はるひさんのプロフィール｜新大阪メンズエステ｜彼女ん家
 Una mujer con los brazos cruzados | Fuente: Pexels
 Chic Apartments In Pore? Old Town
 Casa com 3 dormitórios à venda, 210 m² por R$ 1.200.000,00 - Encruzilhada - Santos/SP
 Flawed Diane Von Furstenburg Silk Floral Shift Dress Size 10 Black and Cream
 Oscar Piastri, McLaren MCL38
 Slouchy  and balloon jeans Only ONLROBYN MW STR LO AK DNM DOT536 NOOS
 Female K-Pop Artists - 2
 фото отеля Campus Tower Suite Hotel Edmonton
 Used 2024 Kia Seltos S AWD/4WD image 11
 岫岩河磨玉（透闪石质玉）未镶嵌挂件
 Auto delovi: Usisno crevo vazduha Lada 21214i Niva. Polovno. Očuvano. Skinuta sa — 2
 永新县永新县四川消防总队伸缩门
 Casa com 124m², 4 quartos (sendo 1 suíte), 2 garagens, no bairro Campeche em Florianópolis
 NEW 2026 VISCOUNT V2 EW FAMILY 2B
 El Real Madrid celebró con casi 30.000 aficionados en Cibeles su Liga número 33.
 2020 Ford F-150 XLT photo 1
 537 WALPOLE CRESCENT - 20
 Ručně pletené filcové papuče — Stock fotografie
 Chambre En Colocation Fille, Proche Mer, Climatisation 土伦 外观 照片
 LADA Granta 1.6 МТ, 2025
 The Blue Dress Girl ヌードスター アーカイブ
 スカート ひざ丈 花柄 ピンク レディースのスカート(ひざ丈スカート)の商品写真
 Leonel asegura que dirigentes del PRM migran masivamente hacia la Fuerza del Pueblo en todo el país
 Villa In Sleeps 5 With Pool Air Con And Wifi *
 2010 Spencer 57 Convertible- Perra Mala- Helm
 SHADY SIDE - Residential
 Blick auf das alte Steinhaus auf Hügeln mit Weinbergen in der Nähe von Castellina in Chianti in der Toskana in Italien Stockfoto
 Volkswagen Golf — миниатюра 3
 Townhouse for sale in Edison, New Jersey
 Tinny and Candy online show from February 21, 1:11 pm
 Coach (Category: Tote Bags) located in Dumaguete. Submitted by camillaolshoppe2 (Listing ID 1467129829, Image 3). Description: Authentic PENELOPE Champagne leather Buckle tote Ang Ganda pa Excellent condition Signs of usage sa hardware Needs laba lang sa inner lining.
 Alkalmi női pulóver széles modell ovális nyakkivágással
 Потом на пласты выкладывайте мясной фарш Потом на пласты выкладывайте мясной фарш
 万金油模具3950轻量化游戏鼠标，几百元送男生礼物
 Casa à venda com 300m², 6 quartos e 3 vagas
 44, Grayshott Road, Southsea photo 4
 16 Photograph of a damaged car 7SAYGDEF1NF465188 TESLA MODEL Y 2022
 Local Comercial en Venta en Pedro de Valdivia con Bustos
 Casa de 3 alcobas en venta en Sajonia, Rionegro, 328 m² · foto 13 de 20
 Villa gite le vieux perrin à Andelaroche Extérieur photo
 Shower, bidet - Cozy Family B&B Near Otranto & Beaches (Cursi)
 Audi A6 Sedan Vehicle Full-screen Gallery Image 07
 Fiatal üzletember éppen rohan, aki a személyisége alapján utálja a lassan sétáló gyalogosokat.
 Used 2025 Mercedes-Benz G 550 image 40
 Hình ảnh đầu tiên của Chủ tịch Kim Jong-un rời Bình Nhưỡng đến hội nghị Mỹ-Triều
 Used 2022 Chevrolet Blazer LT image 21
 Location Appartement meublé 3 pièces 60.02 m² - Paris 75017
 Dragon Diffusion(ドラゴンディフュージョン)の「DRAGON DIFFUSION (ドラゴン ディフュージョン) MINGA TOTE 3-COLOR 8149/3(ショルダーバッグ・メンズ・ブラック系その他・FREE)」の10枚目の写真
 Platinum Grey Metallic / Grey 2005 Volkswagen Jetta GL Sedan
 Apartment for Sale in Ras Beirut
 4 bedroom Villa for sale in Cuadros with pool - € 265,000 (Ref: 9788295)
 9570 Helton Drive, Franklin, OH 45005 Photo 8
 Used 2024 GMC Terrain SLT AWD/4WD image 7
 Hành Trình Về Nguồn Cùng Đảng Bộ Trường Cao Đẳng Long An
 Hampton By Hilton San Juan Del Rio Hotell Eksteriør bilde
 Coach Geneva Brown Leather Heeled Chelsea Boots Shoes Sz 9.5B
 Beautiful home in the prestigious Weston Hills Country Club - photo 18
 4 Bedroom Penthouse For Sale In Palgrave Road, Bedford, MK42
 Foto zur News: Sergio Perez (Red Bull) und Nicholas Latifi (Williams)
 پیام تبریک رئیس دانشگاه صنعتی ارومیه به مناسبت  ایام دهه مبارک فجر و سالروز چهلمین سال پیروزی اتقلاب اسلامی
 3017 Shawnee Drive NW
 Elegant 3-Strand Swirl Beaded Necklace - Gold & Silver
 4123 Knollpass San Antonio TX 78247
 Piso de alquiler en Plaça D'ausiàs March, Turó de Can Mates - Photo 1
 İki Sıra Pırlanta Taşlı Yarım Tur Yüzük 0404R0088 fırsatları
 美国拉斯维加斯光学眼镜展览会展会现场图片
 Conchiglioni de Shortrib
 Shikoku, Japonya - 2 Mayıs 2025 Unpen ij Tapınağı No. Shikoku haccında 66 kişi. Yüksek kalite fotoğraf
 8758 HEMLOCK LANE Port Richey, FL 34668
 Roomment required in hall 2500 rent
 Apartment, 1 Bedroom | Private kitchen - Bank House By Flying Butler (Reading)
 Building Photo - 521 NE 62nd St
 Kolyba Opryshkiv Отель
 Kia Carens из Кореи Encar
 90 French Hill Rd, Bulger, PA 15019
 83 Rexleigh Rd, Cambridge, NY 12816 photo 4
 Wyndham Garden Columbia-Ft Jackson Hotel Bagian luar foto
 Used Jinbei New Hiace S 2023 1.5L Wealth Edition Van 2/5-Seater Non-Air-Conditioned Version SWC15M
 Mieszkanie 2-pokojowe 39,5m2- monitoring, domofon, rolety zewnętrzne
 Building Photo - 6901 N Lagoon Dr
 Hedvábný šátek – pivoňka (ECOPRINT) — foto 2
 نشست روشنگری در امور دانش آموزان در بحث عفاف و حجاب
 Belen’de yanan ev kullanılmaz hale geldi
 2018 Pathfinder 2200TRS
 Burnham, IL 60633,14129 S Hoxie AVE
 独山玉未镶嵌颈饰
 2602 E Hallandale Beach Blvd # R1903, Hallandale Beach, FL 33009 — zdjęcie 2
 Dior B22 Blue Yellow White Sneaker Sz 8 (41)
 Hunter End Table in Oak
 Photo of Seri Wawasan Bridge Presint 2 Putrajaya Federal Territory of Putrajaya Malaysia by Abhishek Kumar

----------

**What this task involves:** From the records above, copy out the line with "Alkalmi női pulóver", the line with "Casa de 3 alcobas", and every line between them, word for word.

**Response for this exercise:**
 Alkalmi női pulóver széles modell ovális nyakkivágással
 Потом на пласты выкладывайте мясной фарш Потом на пласты выкладывайте мясной фарш
 万金油模具3950轻量化游戏鼠标，几百元送男生礼物
 Casa à venda com 300m², 6 quartos e 3 vagas
 44, Grayshott Road, Southsea photo 4
 16 Photograph of a damaged car 7SAYGDEF1NF465188 TESLA MODEL Y 2022
 Local Comercial en Venta en Pedro de Valdivia con Bustos
 Casa de 3 alcobas en venta en Sajonia, Rionegro, 328 m² · foto 13 de 20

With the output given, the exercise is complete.